1. Critically low unit test coverage on core modules

docker-manager.ts (the most complex file β€” ~250 statements, 25 functions) has only 18% statement coverage and 4% function coverage. cli.ts (the main entry point, ~69 statements) has 0% coverage. These files contain the container lifecycle logic, cleanup handlers, signal processing, and exit code propagation β€” all of which are critical paths.

Current overall coverage: 38% statements / 31% branches with very low enforcement thresholds (38% / 30%).

2. chroot-copilot-home.test.ts not wired to any CI workflow

The file tests/integration/chroot-copilot-home.test.ts exists but is not included in any --testPathPatterns in test-integration-suite.yml or test-chroot.yml. These tests never run in CI, meaning regressions in Copilot home directory handling will go undetected.

3. build-test-node.md is uncompiled

agenticworkflows-status reports build-test-node with compiled: "No". This means the Node.js build-test workflow (which exercises real npm projects through the firewall) does not execute in CI. Node.js is the primary ecosystem for this project.

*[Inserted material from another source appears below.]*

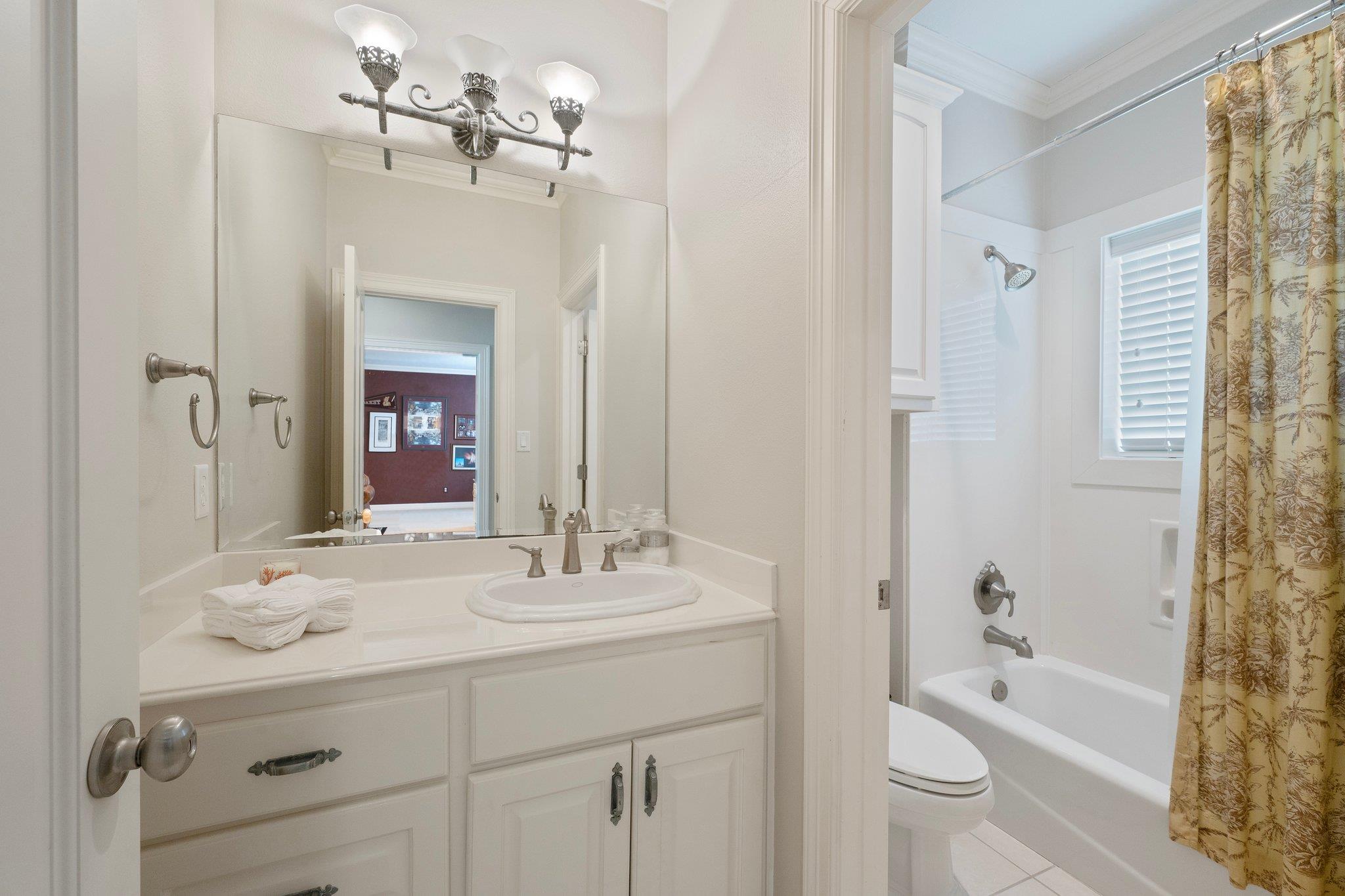 3215 Founders Dr, Bryan, TX 77807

4. API Proxy container is not included in container-scan.yml

The Trivy scan in container-scan.yml covers the agent and squid images but not the api-proxy container. The API proxy is a Node.js HTTP server that handles authentication token injection β€” a high-value security target. Its base image and npm dependencies should be scanned for CVEs on every change to containers/api-proxy/**.


🟑 Medium Priority

5. Duplicate ESLint execution

Both build.yml and lint.yml run npm run lint on every PR. This is redundant and wastes ~1–2 minutes of CI time per PR. One of these should be removed or consolidated.

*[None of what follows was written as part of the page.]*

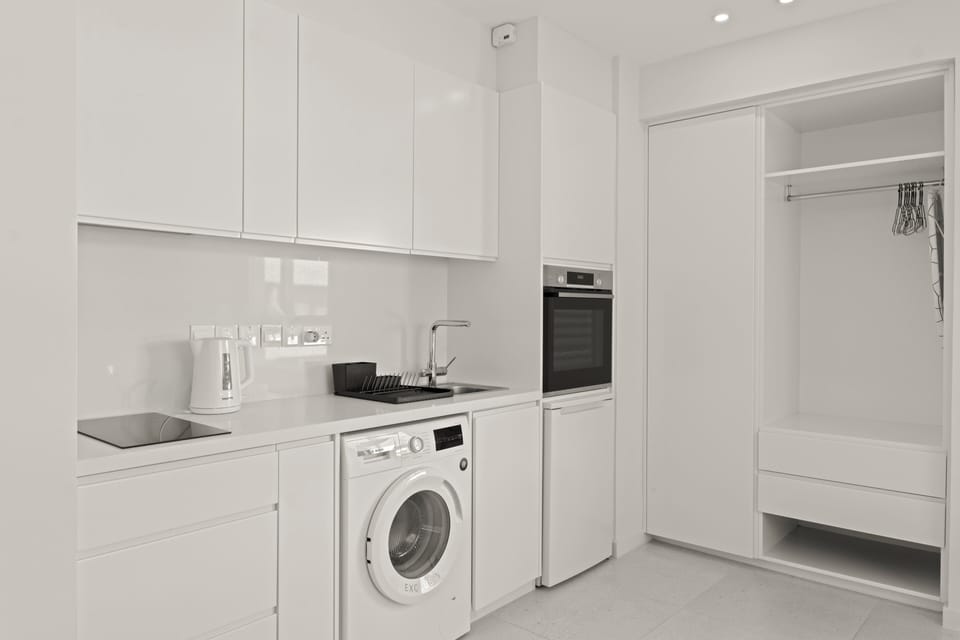 Luxury Studio | In-room safe, blackout drapes, iron/ironing board, WiFi (free)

6. No code formatting check (Prettier not enforced)

The project has ESLint but no Prettier or --fix enforcement. Code style inconsistencies can accumulate silently. There is no formatting gate preventing unformatted code from merging.

7. No shell script linting (shellcheck)

The repository contains multiple shell scripts in containers/agent/ (setup-iptables.sh, entrypoint.sh), containers/squid/, and scripts/ci/. These scripts contain security-critical logic (iptables setup, capability drops) but are not validated by shellcheck in CI. Shell bugs in these scripts could silently weaken the firewall.

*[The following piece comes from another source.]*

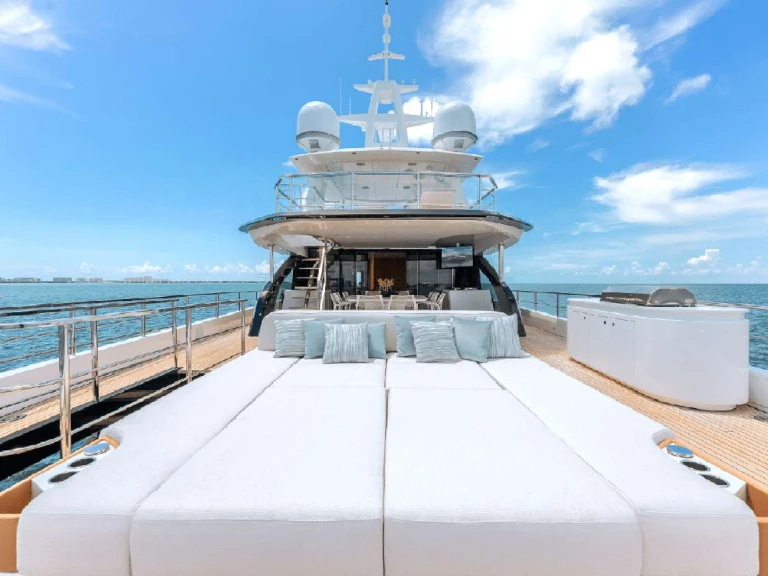 Wynajem Luksusowy jacht w Miami - Azimut Tycoon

8. container-scan.yml only triggers on containers/** path changes

The container scan is path-filtered to containers/**, meaning PRs that change the container base images or packages indirectly (e.g., through apt calls in scripts referenced by Dockerfiles) won't trigger a scan. The weekly schedule catches this eventually, but a window exists.

9. No binary artifact size monitoring

The release pipeline builds standalone binaries (awf-linux-x64, awf-darwin-arm64, etc.). There is no check to detect unexpected size increases (which could indicate accidental large dependency inclusion). A simple size threshold check in the release workflow or a separate PR check would catch this.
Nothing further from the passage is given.